A warehouse in Hampshire is home to up to 1100 robots that can work simultaneously to satisfy the voracious eating habits of humans.
The 240,000 sq ft facility is situated on Walworth Business Park in Andover and is called a customer fulfilment centre (CFC) by Ocado, the online grocer targeting relentless growth through its application of automation and technology.
The Andover CFC provides consumers with a choice of 45,000 products and is set up to handle the picking of 3.5 million items to fulfil up to 65,000 orders a week.
To make this possible, Ocado has created a 4D hive – three physical dimensions plus a complex communications network – with battery-operated robots at the summit. They manoeuvre over a grid at a top speed of 4m/s – and to within 5mm of one another – to pull crates into a cavity within them. They then move around the grid to lower crates to humans assembling orders for customers who’ve signed up to Ocado’s home delivery service. The crates are then fed back into the system and the process continues on a 24/7 basis.

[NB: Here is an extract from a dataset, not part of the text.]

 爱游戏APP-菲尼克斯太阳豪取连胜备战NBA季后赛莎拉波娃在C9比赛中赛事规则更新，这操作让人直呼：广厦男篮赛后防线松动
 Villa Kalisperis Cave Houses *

Up to 21 crates form the columns of goods the robots pick from, and 4G communications are set up to facilitate 10 interactions per second to the robots. According to Paul Clarke, Ocado’s chief technology officer, the minute-to-minute, hour-to-hour operations at Andover are completely automatic.
The grid at Andover covers an area the size of several football pitches but is relatively small compared the facility being readied at Erith in South East London. Occupying a 36-acre site, the 540,000sq ft. (ca. 50,000m2) facility will be able to process 220,000 orders per week, which equates to roughly 11.4m individual items picked over the same period. To hit these targets, Ocado will enlist 3,500 robots to swarm around the grid at the new facility, which is being shared with Morrisons.
Size and capacity aside, both facilities are part of a thrust by Ocado to deliver technology solutions as well as groceries.
Andover and Erith are Ocado Smart Platform (OSP) facilities, which are defined by the company as modular, scalable software and hardware platforms that power all aspects of a grocery e-commerce business.
According to Clarke, the scalability and modularity of OSPs are providing a ‘game changing capability’ and the strategy is showing clear signs of working.
In November 2017, Ocado and French multinational retailer Groupe Casino signed an agreement to develop the OSP in France. This was followed by a deal signed in January 2018 with Canada’s Sobeys, and its most recent activity has seen ICA Group’s online grocery business in Sweden sign up for OSP.
“We are increasingly becoming a multi-site international organisation in terms of not just where we may deploy the technology, but also where we’re building it,” said Clarke. “It’s the same direction of travel we’ve been on pretty much from day one, which is how to use technology and automation to enable you to do online grocery scaleably and profitably, which quite frankly most people struggle at.”
Ocado’s first CFC was built in Hatfield and started operations in 2001, followed by Dordon, Warwickshire, in 2013 and both have played a pivotal role in an evolutionary process that shows no signs of slowing down.
The company is involved in an ongoing project to introduce robots to picking stations that are normally manned by human employees and to this end a cobot is proving its worth in Andover by using its end effector to manipulate items packaged with flat surfaces.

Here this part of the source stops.